A complaint filed Wednesday with the Connecticut State Elections Enforcement Commission accuses the National Rifle Association (NRA) of violating campaign finance law. It is the latest in a string of investigations into the gun group’s alleged practice of diverting funds from its federal political action committee (PAC) to state affiliates, which then spend the money on local elections. In certain states, like Connecticut, such tactics are illegal.

The charges center on $9,000 in campaign donations made to Connecticut politicians between 2003 and 2006, which allegedly originated in the coffers of the NRA’s national PAC, The NRA National Victory Fund.

One of the complainants leveled nearly-identical accusations last year in the neighboring state of Rhode Island. In the summer of 2013, Sam Bell, a Brown University doctoral student in geology and the state coordinator of the Rhode Island Progressive Democrats, was searching for answers to what he deemed an illogical turn of events: Bell had been part of an effort to pass an assault weapons ban in his state, which is overwhelmingly Democrat, and it had failed spectacularly. The mass shooting in Newtown, Connecticut, was still a recent memory, but local politicians could not be swayed. Bell, 26, heard the NRA had donated significant funds to state officials, and decided to investigate.

In Rhode Island, campaigns and state PACs are not required to report the sources of donations worth less than $100. The average campaign finance disclosure form therefore shows a mix of higher dollar donations, along with the names of their donors, and amounts below the $100 threshold with their provenance not listed. Bell noticed that the NRA’s state affiliate, which had given money to many elected officials, did not report the names of any of its donors at all. “That was a red flag,” he tells The Trace. The total reliance of anonymous donors, to Bell, suggest a stream of dollars coming from outside the state: By staying under the $100 mark, the NRA could obscure its use of outside money — cash from people who live elsewhere in the country — to influence elections and legislation in Rhode Island. It was also able to skirt the state’s campaign finance laws, under which, as with those in Connecticut, the practice is illegal.

Bell checked the campaign finance report of NRA’s federal political action committee, The NRA Political Victory Fund. Then he analyzed the report of its Rhode Island affiliate. He found that both committees had recorded donations of the same dollar amounts to the same candidates. But a look at the candidate’s report showed only one NRA-affiliated donation, which, according to Bell, indicated that the money had originated with the federal PAC and been transferred to the state organization before being given to the state campaigns.
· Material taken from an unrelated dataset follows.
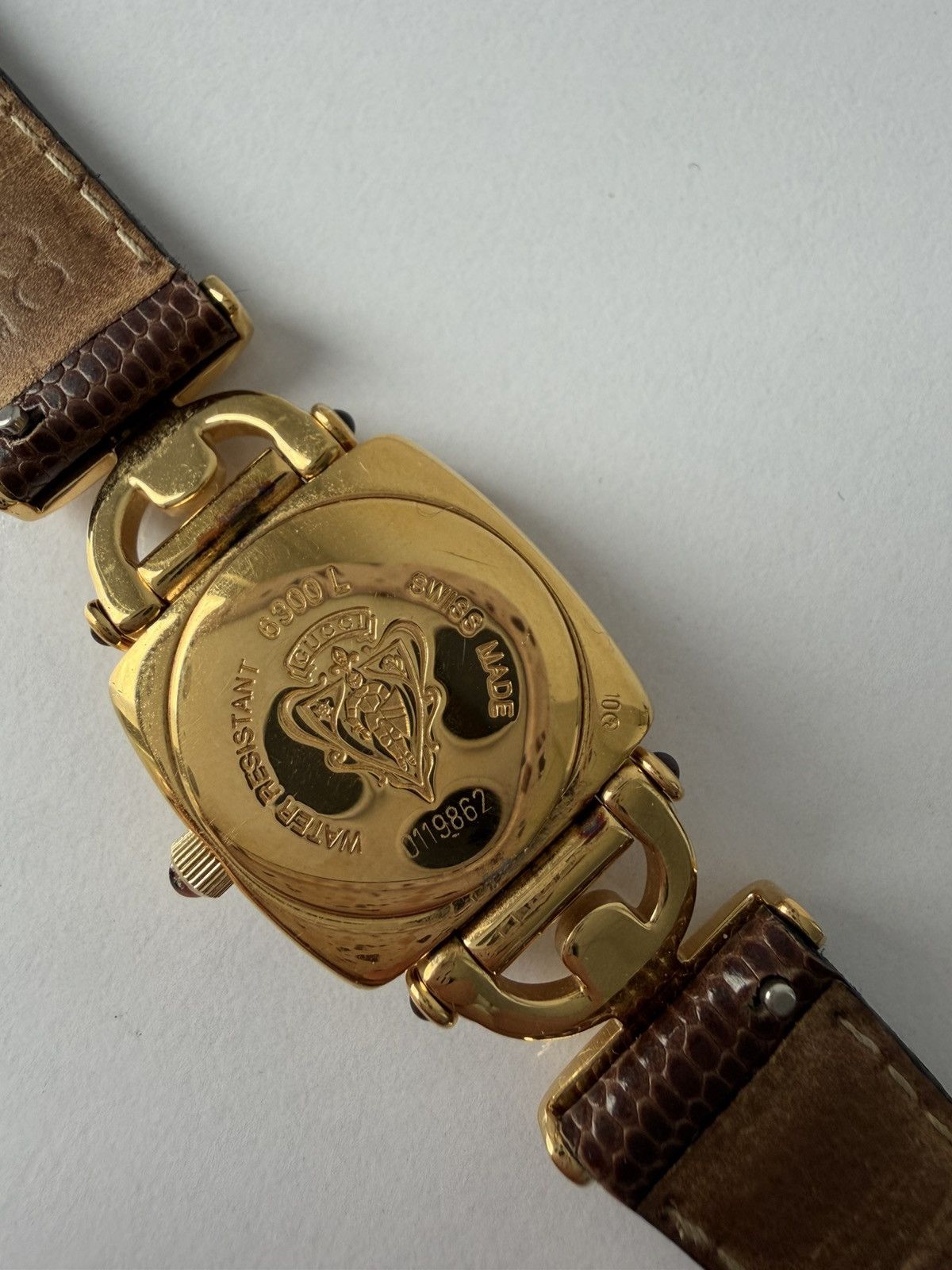 Vintage 1997 Gucci 6300 L watch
The discovery prompted Bell to file a complaint with the Rhode Island Board of Elections. In 2014, the regulatory body fined the gun lobbying group $63,000.

Bell was curious about whether the NRA had broken similar laws in other states. He enlisted a Brown undergrad, 20-year-old Duncan Weinstein, to help sift through documents. Together, they discovered what they believe is evidence that the NRA may have committed the same violation in Connecticut, and quickly moved to file a complaint.

In addition to Bell and Weinstein, the complaint was signed by Carlos Soto, whose sister Victoria was killed in the Sandy Hook Elementary School shooting; Sarah Clements, a gun control advocate whose mother was a survivor of Sandy Hook; and Po Murray, a parent of four children who attended the school.

The NRA declined to comment for this story, but the practices it is accused of in Connecticut and Rhode Island are legal in other states, so it’s conceivable the organization inadvertently ran afoul of the law. But Bell thinks otherwise. “We discovered fishy things in a number of states,” he says. “We’re just not ready to go public with them yet.”

Earlier this summer, following a Yahoo News investigation by reporter Alan Berlow, the watchdog group Citizens for Responsibility and Ethics in Washington (CREW) filed formal complaints with both the IRS and the Federal Election Commission, asking them to audit the NRA. The group had allegedly funneled money into its Political Victory Fund, even though donors hadn’t intended for it to wind up there. This, too, is illegal.

“The NRA takes a very cavalier attitude toward campaign finance,” Bells says. “They have a ton of money coming in. I think their philosophy is: If they get caught, they can just pay the fine and move on.”